Think about it: the belief that these are the end times can lead to a feeling of helplessness. If we truly were to believe that Jesus was coming, that these events were not the course of human evil, the Fall, and sin, then what could we really do about them? Some may fear they are interfering with God’s plan. Others may see aid or interference as irrelevant—what is the point, after all, if the end will soon come?
These very well may be the end times, but they very well may not be. Human history is full of devastation, civil wars, genocide, drought, famine, plague, world wars, and the most unimaginable evils, and yet the world still continued. Why is the extreme of a “surely these are the end times” mindset problematic?
It forgets our past.
In his Confessions, Saint Augustine of Hippo reflects upon the role of memory in the Christian moral life. Memory allows us to think about, reflect on, and understand the world around us. Without an understanding of our past, then, we cannot fully understand the events currently occurring in our world right now. Think of the Armenian genocide, which claimed the lives of 75% of the Armenian population in 1915. From those past events, we can learn of possible solutions, avoid mistakes we previously made, and gain historical perspective that can grant us hope in even the darkest of hours.
It removes our duty to help.
The Syrian refugees are our brothers and sisters in Christ. By this communion and the virtue of charity, we are called to help them, even in the smallest of ways.
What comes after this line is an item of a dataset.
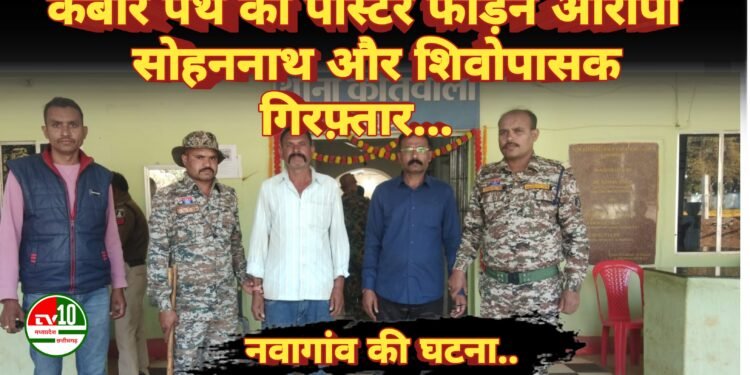 धार्मिक उन्माद फैलाने एवं शांति भंग करने तथा कबीरपंथ का पोस्टर फाड़ने वाले मामले में दो आरोपी गिरफ्तार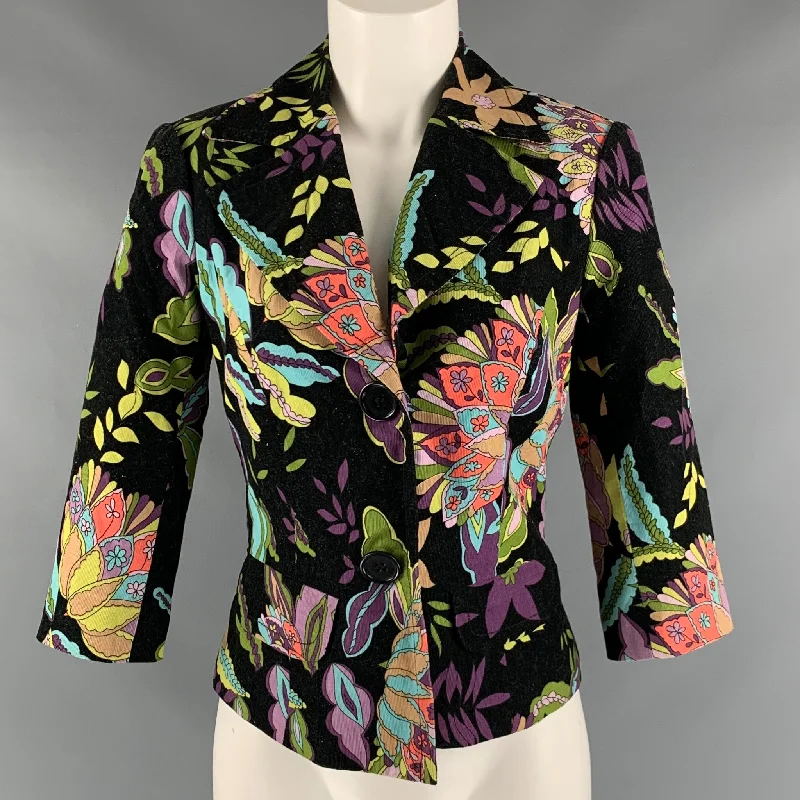 TRINA TURK Size 2 Black Multicolour Cotton 3/4 Sleeves Jacket Wool Fabric Cashmere Fabric Tweed Fabric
If we convince ourselves that the end is soon coming, it becomes more difficult to envision a future for these people. Why should they worry about homes, citizenship, and survival when Jesus will soon return? Christ calls us to feed the hungry and house the refugee. Whether Syria is indeed an apocalyptic showdown or another tragedy that will scar human history, our duty to help is not negated. For those of us removed by distance from the situation, prayer is one of the best ways to help. Lord, have mercy on the Syrians.
It detriments our virtue of hope.
I believe that fear is one of the reasons many Christians proclaim times like these to be the end times. Wars are terrifying. We see the images of suffering from the front lines and wonder, why does this happen? How can it ever get any better? But we must hold firm to hope in Christ; not just hope in his heavenly kingdom, but hope in the kingdom of God which is here and now. Christ did not abandon us when he ascended into heaven; he sent us the Holy Spirit to not only guide us in our faith, but to help us bring forth a better world.
How can you help?
First off, you can pray for the refugees and those housing them. If you are looking to donate, Catholic Relief Services is one of the most reliable charities, with 92% of their donations going directly to the programs. Finally, you remember, share, raise awareness, and not give up hope.